WHAT THE EXERCISE ASKS.
Output nothing except the lines from the one containing "Cysteine and glycine-rich" through the final line of the data, both included, typed exactly, minus the pictures.

COLLECTED DATA.

....

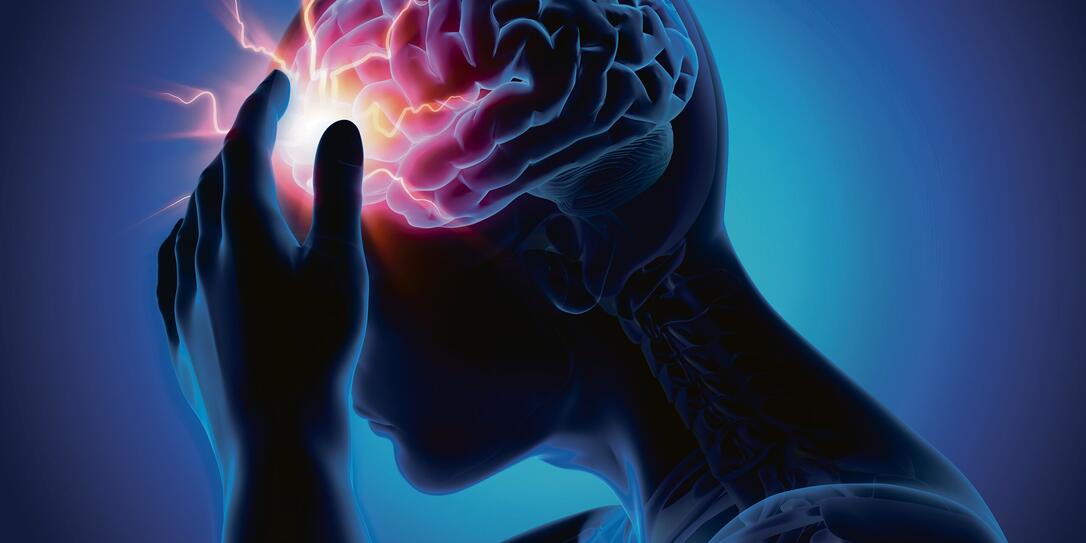 Headache-conceptual artwork-3d illustration Headache-conceptual artwork-3d illustration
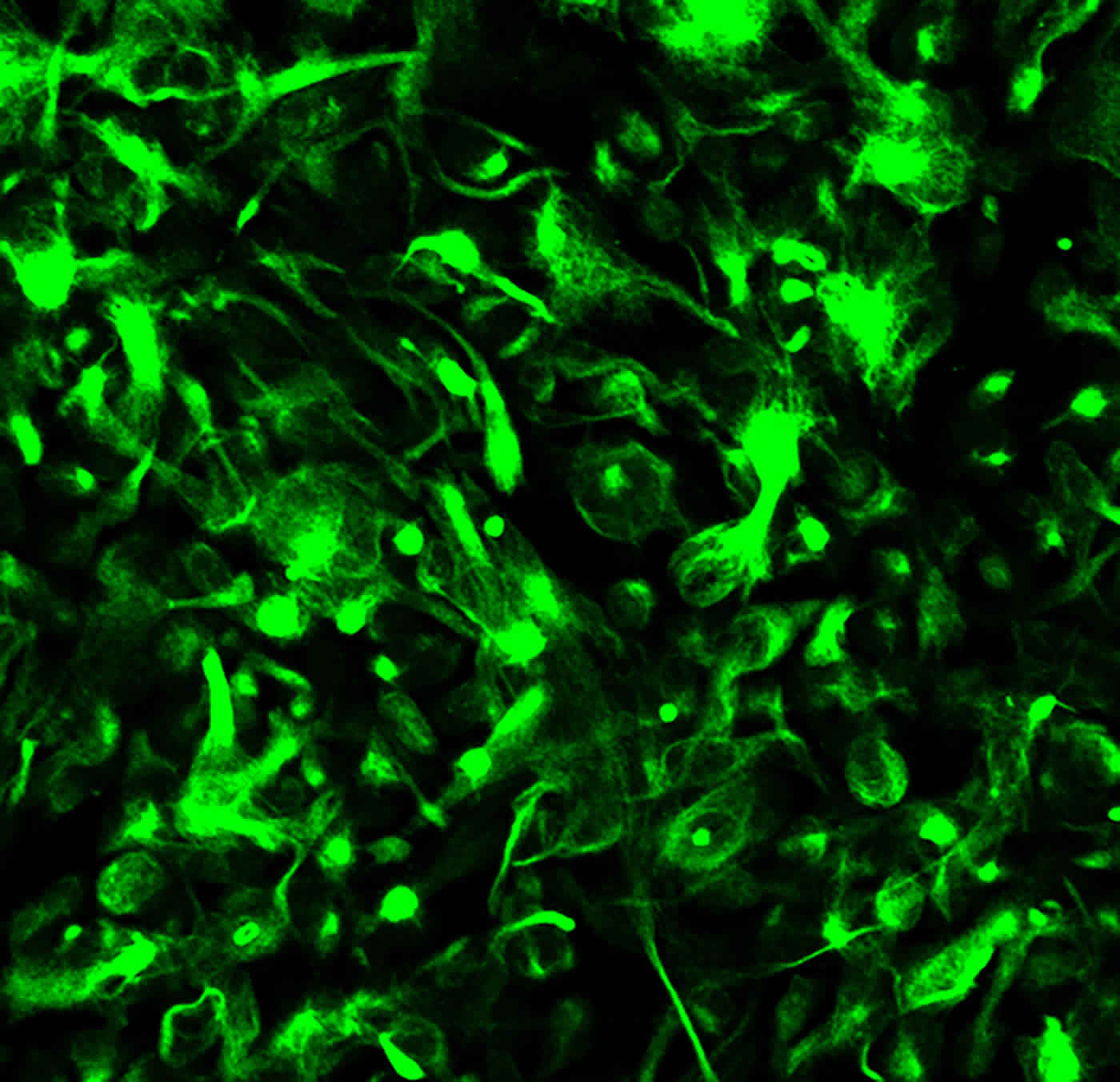 Image shows astroglial cells.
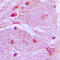 Cysteine and glycine-rich protein 1 antibody, LS-C352063, Lifespan Biosciences, Immunohistochemistry frozen image 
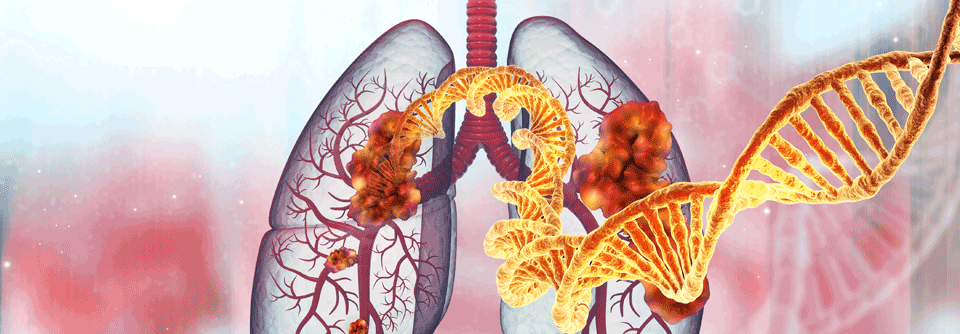 Ca. 50 % der NSCLC-Adenokarzinome weisen Treibermutationen auf. Beim Plattenepithelkarzinom beträgt die Rate nur 5- 10 %.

....

ANSWER TO THE PROBLEM.
 Cysteine and glycine-rich protein 1 antibody, LS-C352063, Lifespan Biosciences, Immunohistochemistry frozen image 
 Ca. 50 % der NSCLC-Adenokarzinome weisen Treibermutationen auf. Beim Plattenepithelkarzinom beträgt die Rate nur 5- 10 %.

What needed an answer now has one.